Problem description: What you return should be the complete listing, unchanged, with no pictures in it.

Given data:
- - - -
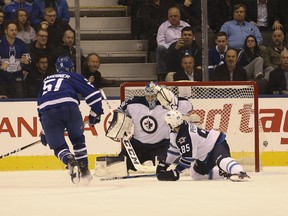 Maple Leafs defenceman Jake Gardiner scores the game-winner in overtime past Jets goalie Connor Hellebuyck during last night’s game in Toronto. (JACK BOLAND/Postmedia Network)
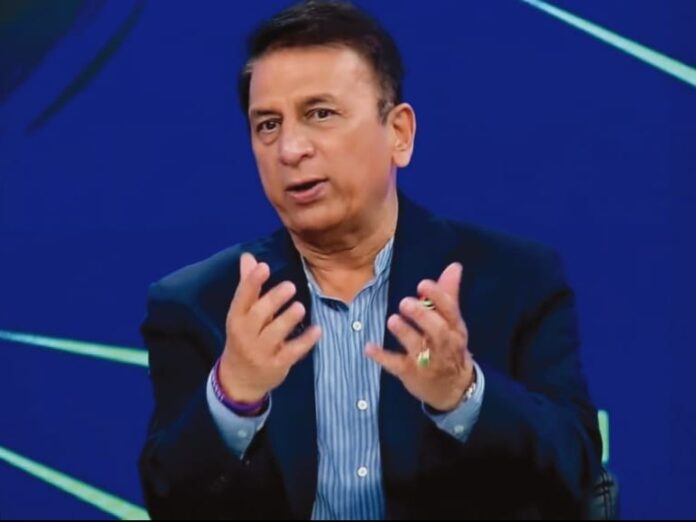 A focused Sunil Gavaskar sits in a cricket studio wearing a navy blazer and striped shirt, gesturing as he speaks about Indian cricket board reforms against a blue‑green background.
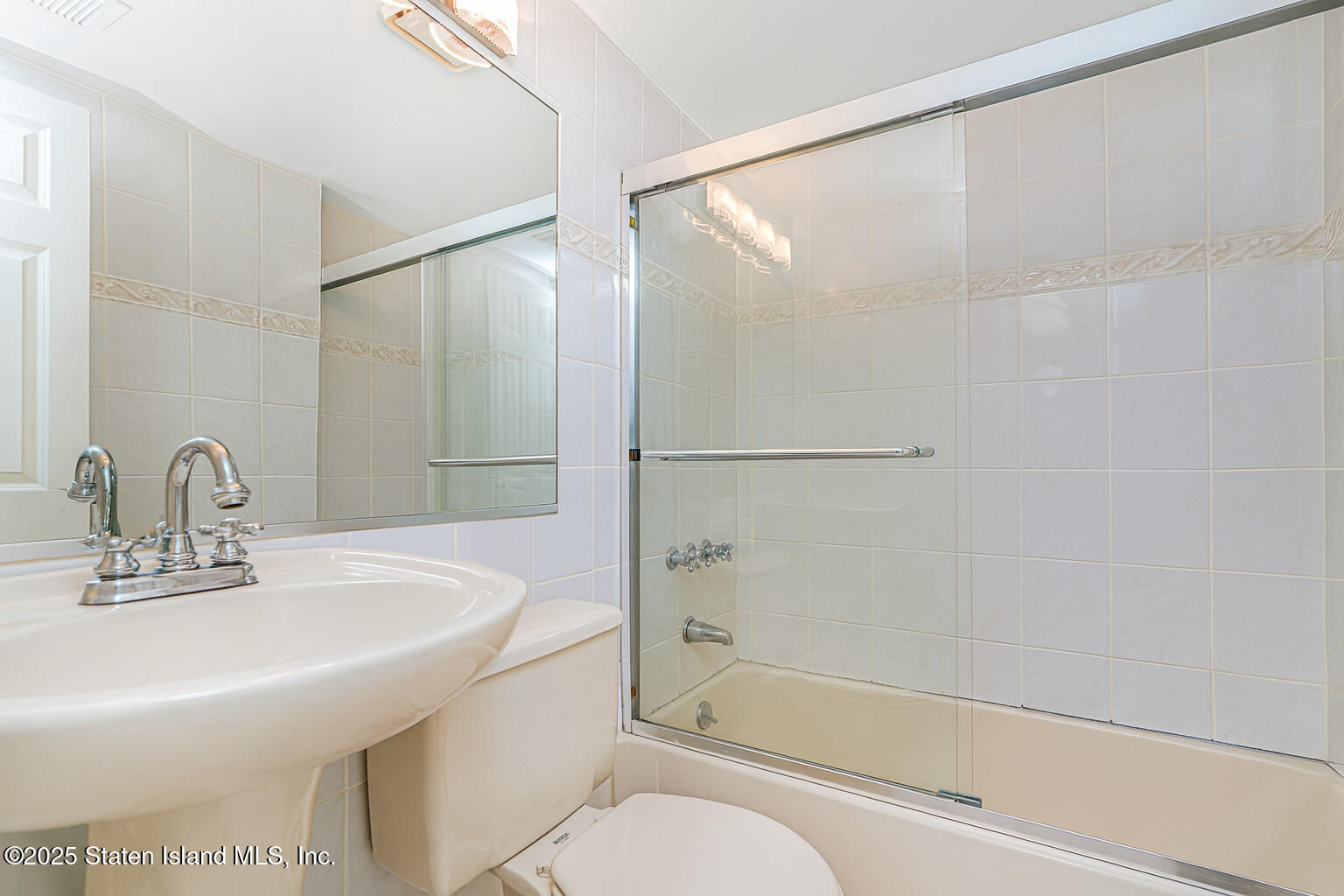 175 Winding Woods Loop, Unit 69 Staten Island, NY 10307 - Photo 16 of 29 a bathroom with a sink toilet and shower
- - - -
Response area:
 Maple Leafs defenceman Jake Gardiner scores the game-winner in overtime past Jets goalie Connor Hellebuyck during last night’s game in Toronto. (JACK BOLAND/Postmedia Network)
 A focused Sunil Gavaskar sits in a cricket studio wearing a navy blazer and striped shirt, gesturing as he speaks about Indian cricket board reforms against a blue‑green background.
 175 Winding Woods Loop, Unit 69 Staten Island, NY 10307 - Photo 16 of 29 a bathroom with a sink toilet and shower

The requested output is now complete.